- TASK INSTRUCTIONS -
Each line of data below is to be returned exactly, leaving out any picture.

- MATERIAL PROVIDED -
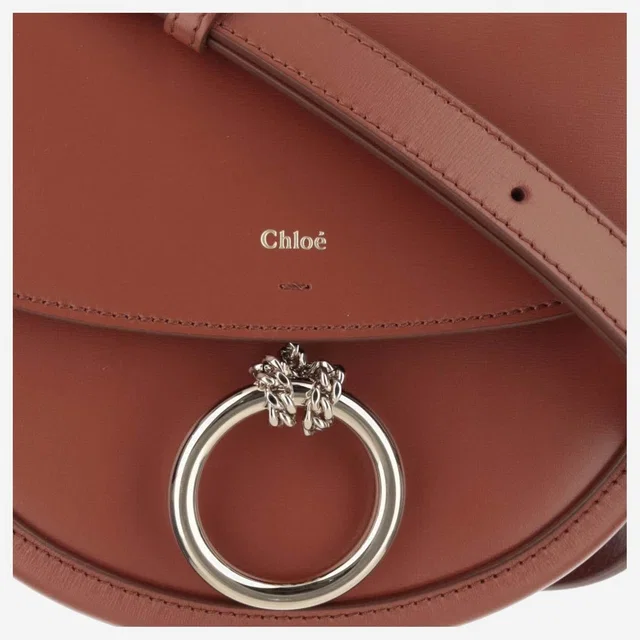 Chloé Calfskin Leather With Sculptural Ring Crossbody Bag — Brown in Brown Calfskin from HEWI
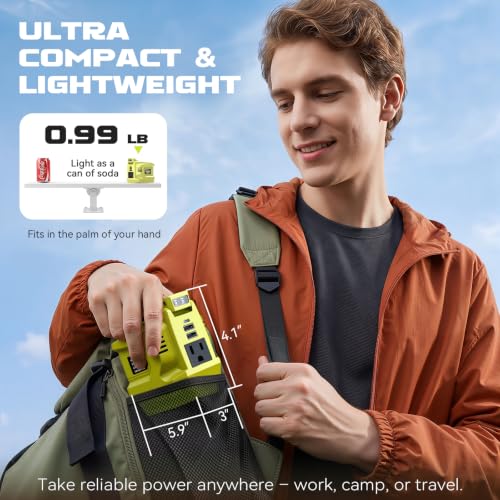 220W Portable Power Inverter Compatible with Ryobi 18V Battery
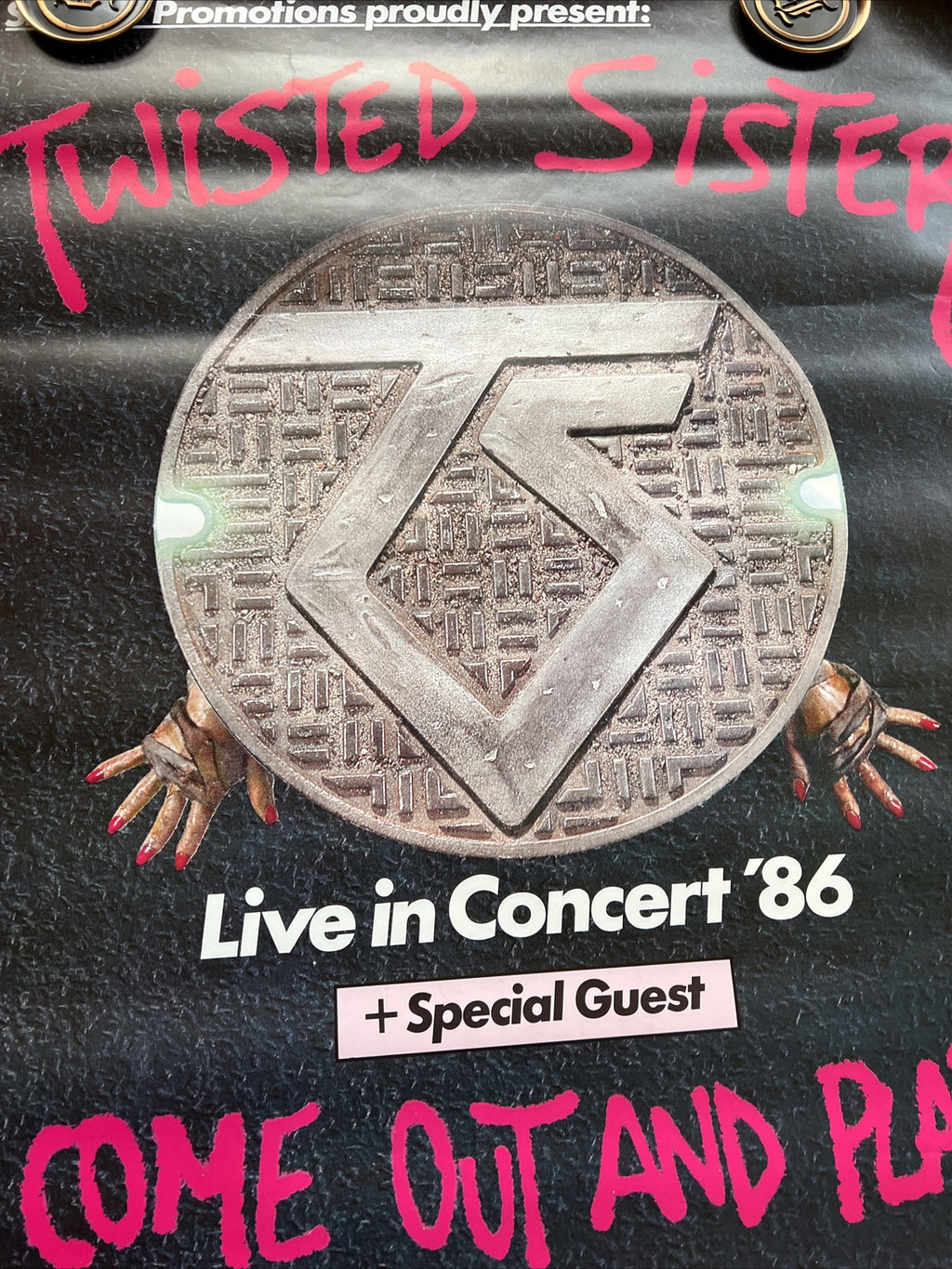 #192 1986 Twisted Sister Record Store Concert Promo Poster UK 33” X 23”3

- FINISHED TASK -
 Chloé Calfskin Leather With Sculptural Ring Crossbody Bag — Brown in Brown Calfskin from HEWI
 220W Portable Power Inverter Compatible with Ryobi 18V Battery
 #192 1986 Twisted Sister Record Store Concert Promo Poster UK 33” X 23”3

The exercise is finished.